Messa e jazz, accoppiata idonea? Apriamo il dibattito facendo conoscere alcuni esempi
Qual è il genere musicale più adatto per accompagnare i testi liturgici? È un dibattito che va avanti da qualche anno all’interno dell’ambiente ecclesiastico, con proposte dalle più conservatrici alle più progressiste. Lasceremo la questione aperta per la riflessione del lettore.
Sappiamo che non sono stati pochi i tentativi di collegare il canto liturgico alle musiche di origine popolare. Non accade solo nelle parrocchie, perché alcune di queste opere hanno raggiunto una certa fama nell’ambito della musica “accademica”, come nel caso della Misa Criolla dell’argentino Ariel Ramirez o della Missa Luba di Guido Haazen O.F.M..
L’obiettivo di questo avvicinamento all’aspetto popolare è a volte quello di poter ascoltare o anche cantare i momenti tipici della Santa Messa in ritmi e tonalità vicini e familiari per l’assemblea, la cui partecipazione attiva è lodevole e la cui identificazione affettiva con quello che si sta interpretando non è di scarso rilievo. In questo senso, con gli anni la musica di origine popolare ha guadagnato terreno di fronte a opere di taglio classico e accademico, in base alla regione e ai costumi, ma ciò può anche essere dovuto al tentativo di cercare nuove strade per la musica sacra, ispirandosi a generi originariamente non collegati ad essa.

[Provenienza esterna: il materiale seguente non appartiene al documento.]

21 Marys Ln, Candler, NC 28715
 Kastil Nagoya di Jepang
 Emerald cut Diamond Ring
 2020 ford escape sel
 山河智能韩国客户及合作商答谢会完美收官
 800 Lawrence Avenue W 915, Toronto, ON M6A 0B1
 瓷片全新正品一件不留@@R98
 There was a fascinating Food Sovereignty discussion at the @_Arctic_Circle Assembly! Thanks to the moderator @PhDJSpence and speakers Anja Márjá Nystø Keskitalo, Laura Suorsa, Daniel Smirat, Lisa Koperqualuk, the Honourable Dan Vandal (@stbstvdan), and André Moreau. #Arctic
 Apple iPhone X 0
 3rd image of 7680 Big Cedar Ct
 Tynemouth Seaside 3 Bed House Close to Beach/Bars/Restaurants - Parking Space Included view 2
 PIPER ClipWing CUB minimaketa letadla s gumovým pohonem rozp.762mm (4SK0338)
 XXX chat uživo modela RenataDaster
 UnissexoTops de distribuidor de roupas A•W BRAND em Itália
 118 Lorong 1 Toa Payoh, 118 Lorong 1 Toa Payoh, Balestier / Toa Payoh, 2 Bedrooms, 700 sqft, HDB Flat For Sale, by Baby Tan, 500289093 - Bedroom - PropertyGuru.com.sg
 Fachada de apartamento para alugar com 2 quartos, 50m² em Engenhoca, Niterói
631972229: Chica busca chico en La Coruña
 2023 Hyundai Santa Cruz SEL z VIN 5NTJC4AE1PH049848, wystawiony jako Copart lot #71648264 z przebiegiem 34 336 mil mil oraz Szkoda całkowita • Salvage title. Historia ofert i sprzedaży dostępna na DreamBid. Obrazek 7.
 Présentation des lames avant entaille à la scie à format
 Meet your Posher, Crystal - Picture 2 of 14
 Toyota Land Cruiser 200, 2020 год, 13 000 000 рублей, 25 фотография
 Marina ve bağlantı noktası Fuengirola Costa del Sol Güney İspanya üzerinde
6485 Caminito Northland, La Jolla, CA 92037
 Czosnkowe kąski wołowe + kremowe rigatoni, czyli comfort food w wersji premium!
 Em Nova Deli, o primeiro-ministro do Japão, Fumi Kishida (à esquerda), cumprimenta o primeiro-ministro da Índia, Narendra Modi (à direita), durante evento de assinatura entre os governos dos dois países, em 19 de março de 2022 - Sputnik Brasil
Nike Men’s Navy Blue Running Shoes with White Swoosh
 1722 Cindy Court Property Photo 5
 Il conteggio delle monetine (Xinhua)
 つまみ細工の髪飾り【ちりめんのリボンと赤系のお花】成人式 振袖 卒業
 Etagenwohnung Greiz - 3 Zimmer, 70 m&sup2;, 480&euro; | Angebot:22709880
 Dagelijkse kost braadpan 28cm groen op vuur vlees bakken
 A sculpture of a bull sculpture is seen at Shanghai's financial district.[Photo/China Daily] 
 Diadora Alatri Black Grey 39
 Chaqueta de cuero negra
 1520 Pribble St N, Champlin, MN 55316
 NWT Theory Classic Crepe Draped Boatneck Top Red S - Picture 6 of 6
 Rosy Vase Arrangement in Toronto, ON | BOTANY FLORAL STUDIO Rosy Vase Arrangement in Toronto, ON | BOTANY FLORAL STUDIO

Cosa accade con il jazz? È un genere di origine popolare, senz’altro, ma ha quel tocco accademico e sofisticato che fa sì che alcuni lo considerino “musica per musicisti”. È sicuramente un genere secolare, ma la sua radice arriva agli spiritual neri con un profondo nucleo religioso.
Il jazz è appropriato per la liturgia? Può accompagnare la recita del Signore, pietà, del Gloria, ecc.? Insistiamo, lasciamo aperto il dibattito, ma vorremmo farvi conoscere alcune Messe composte con ispirazione jazz perché il dibattito stesso possa vedersi arricchito.
“Little Jazz Mass”, di Bob Chilcott (1955-)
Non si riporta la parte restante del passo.